The old, old seduction was in that airy, confident tone and those significant words – usually called pregnant words in books. The old answering signs of faith and hope showed up in Hawkins's countenance, and he said:

"Only money? Do you mean that you know a way to—"

"Washington, have you the impression that I have no resources but those I allow the public and my intimate friends to know about?"

"Well, I – er—"

"Is it likely, do you think, that a man moved by nature and taught by experience to keep his affairs to himself and a cautious and reluctant tongue in his head, wouldn't be thoughtful enough to keep a few resources in reserve for a rainy day, when he's got as many as I have to select from?"

"Oh, you make me feel so much better already, Colonel!"

"Have you ever been in my laboratory?"

"Why, no."

"That's it. You see you didn't even know that I had one. Come along. I've got a little trick there that I want to show you. I've kept it perfectly quiet, not fifty people know anything about it. But that's my way, always been my way. Wait till you're ready, that's the idea; and when you're ready, zzip! – let her go!"

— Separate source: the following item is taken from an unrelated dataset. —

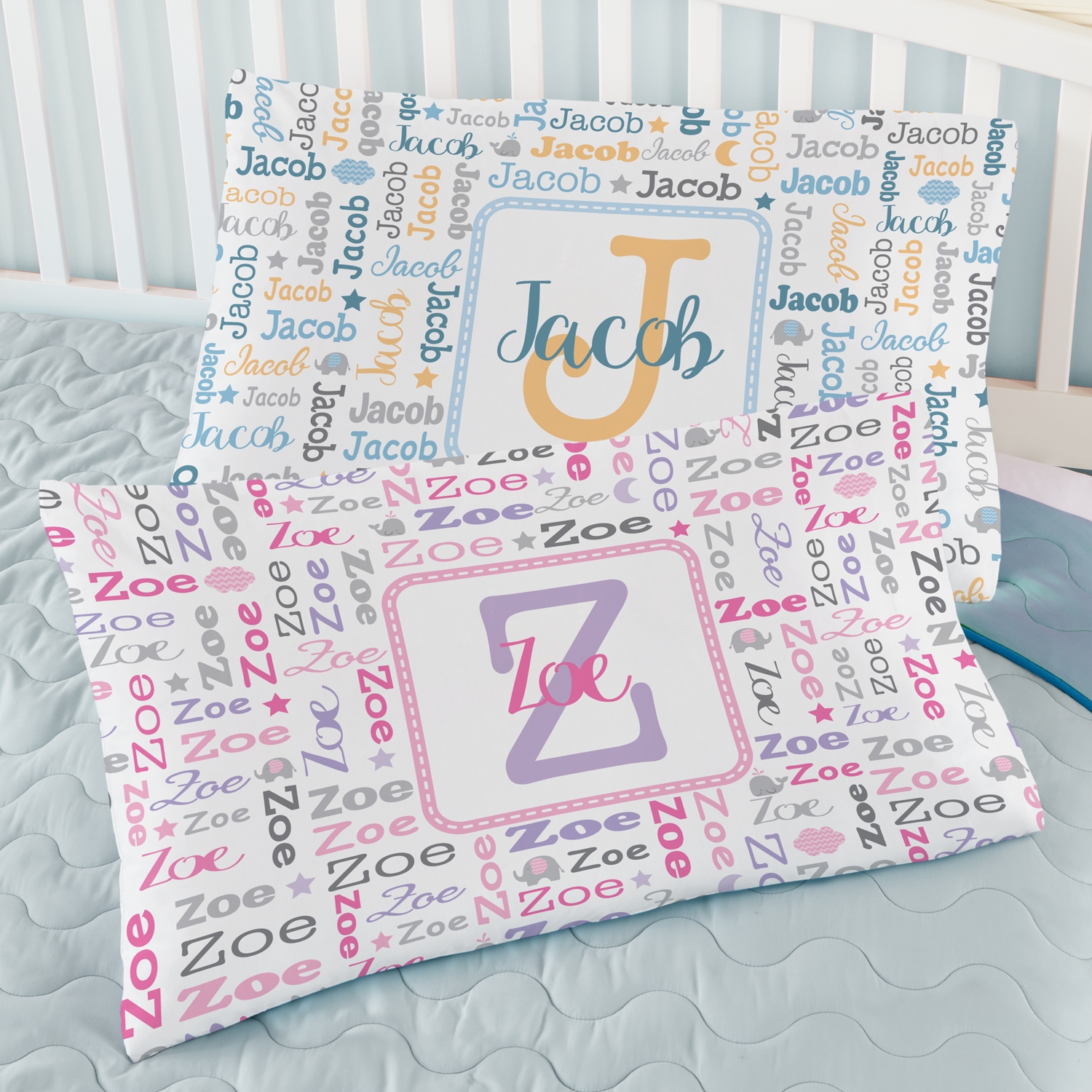 Collage Name Pillowcase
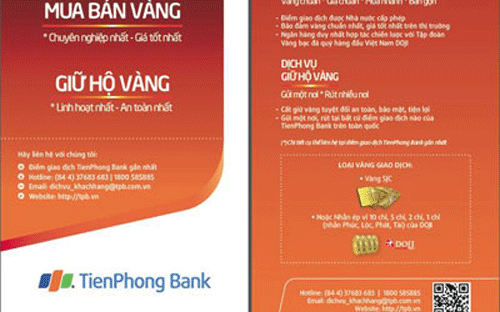 TienPhong Bank ứng dụng QR code trên tất cả ấn phẩm, vật phẩm quảng cáo của mình .<br>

"Well, Colonel, I've never seen a man that I've had such unbounded confidence in as you. When you say a thing right out, I always feel as if that ends it; as if that is evidence, and proof, and everything else."

The old earl was profoundly pleased and touched.

"I'm glad you believe in me, Washington; not everybody is so just."

"I always have believed in you; and I always shall as long as I live."

"Thank you, my boy. You shan't repent it. And you can't." Arrived in the "laboratory," the earl continued, "Now, cast your eye around this room – what do you see? Apparently a junk-shop; apparently a hospital connected with a patent office – in reality, the mines of Golconda in disguise! Look at that thing there. Now what would you take that thing to be?"

"I don't believe I could ever imagine."

"Of course you couldn't. It's my grand adaptation of the phonograph to the marine service. You store up profanity in it for use at sea. You know that sailors don't fly around worth a cent unless you swear at them – so the mate that can do the best job of swearing is the most valuable man. In great emergencies his talent saves the ship. But a ship is a large thing, and he can't be everywhere at once; so there have been times when one mate has lost a ship which could have been saved if they had had a hundred. Prodigious storms, you know. Well, a ship can't afford a hundred mates; but she can afford a hundred Cursing Phonographs, and distribute them all over the vessel – and there, you see, she's armed at every point. Imagine a big storm, and a hundred of my machines all cursing away at once – splendid spectacle, splendid! – you couldn't hear yourself think. Ship goes through that storm perfectly serene – she's just as safe as she'd be on shore."